- **MATERIAL PROVIDED**:
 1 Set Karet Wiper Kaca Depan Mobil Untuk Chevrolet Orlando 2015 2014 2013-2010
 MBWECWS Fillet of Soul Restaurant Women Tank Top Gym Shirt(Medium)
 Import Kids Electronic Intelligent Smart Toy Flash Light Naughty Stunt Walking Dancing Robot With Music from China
--
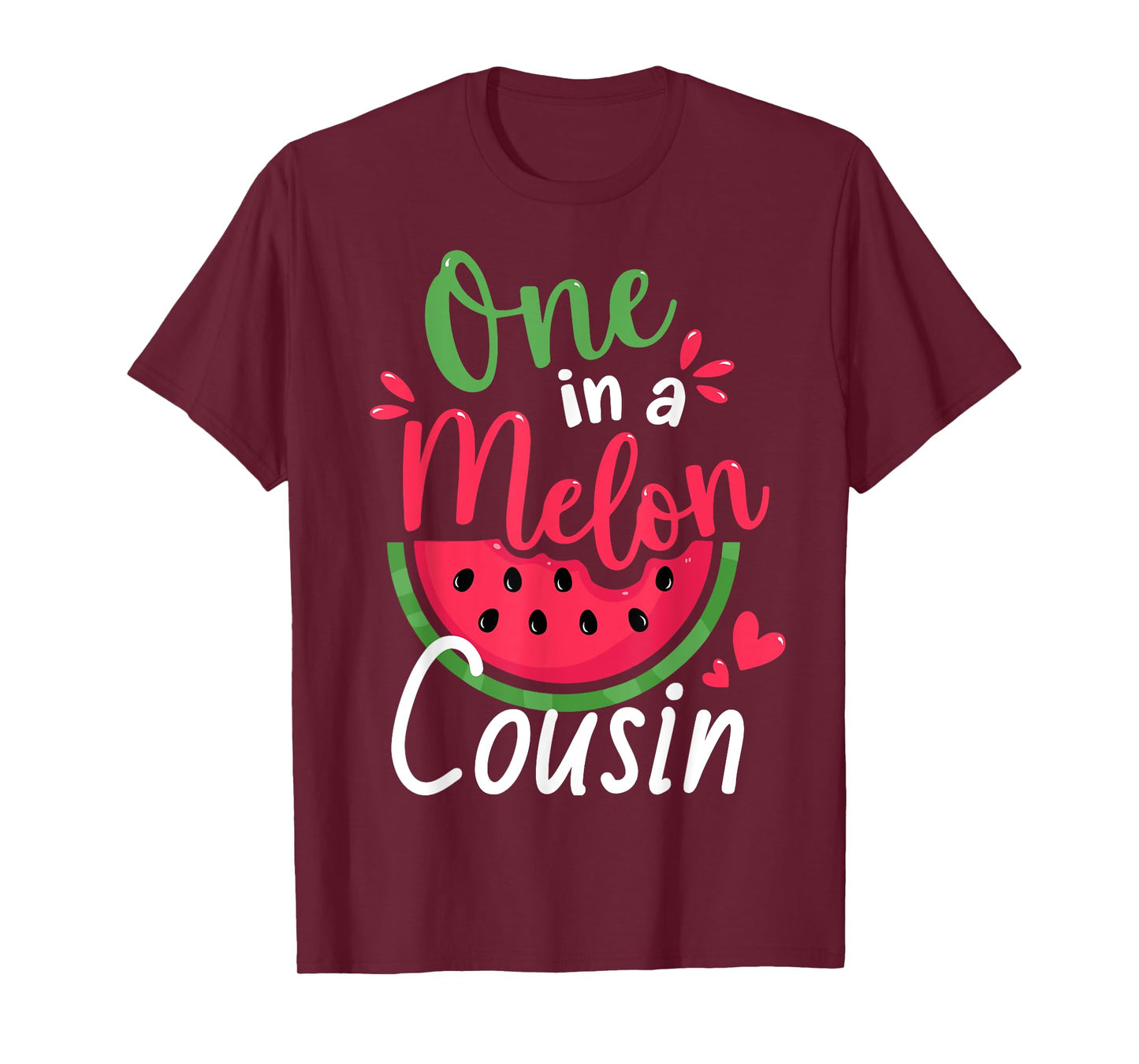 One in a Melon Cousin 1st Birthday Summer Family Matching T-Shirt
...
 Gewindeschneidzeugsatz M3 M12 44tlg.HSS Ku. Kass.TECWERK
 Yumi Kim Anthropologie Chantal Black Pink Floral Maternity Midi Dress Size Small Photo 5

- **WHAT IS NEEDED**:
Your task is to transcribe, with no changes, only the lines of the listing above that lie between the line holding "Gewindeschneidzeugsatz M3 M12" and the line holding "Yumi Kim Anthropologie", inclusive.

- **SOLUTION**:
 Gewindeschneidzeugsatz M3 M12 44tlg.HSS Ku. Kass.TECWERK
 Yumi Kim Anthropologie Chantal Black Pink Floral Maternity Midi Dress Size Small Photo 5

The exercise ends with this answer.